▶ _Description of the task_: Up to and including the line with "1940's Banjo Playing", restate the records below word for word, beginning with their first line.

☆ ☆ ☆ ☆

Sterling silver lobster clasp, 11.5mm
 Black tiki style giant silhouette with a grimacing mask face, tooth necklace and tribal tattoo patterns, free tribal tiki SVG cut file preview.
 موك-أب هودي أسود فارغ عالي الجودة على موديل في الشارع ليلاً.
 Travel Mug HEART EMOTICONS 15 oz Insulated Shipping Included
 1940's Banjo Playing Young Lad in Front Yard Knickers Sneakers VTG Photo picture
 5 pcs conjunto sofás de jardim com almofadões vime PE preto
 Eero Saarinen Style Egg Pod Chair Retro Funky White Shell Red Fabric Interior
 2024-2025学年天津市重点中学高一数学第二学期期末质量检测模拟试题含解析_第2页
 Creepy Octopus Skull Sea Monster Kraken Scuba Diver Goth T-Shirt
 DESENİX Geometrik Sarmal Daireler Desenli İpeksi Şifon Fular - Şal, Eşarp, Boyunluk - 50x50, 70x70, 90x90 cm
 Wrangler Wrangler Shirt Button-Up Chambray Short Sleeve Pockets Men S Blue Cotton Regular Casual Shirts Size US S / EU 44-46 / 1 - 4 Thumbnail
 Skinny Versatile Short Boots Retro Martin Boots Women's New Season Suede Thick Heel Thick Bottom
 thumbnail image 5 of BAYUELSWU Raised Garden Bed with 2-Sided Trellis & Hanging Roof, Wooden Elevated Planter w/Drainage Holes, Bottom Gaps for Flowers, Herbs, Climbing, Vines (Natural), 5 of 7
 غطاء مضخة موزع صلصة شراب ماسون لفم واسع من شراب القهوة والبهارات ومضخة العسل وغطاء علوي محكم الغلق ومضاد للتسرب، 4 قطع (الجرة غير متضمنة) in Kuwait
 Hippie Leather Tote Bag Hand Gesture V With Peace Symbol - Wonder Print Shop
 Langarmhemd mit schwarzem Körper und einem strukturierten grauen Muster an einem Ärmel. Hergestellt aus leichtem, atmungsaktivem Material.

☆ ☆ ☆ ☆

▶ _Answer space_:
Sterling silver lobster clasp, 11.5mm
 Black tiki style giant silhouette with a grimacing mask face, tooth necklace and tribal tattoo patterns, free tribal tiki SVG cut file preview.
 موك-أب هودي أسود فارغ عالي الجودة على موديل في الشارع ليلاً.
 Travel Mug HEART EMOTICONS 15 oz Insulated Shipping Included
 1940's Banjo Playing Young Lad in Front Yard Knickers Sneakers VTG Photo picture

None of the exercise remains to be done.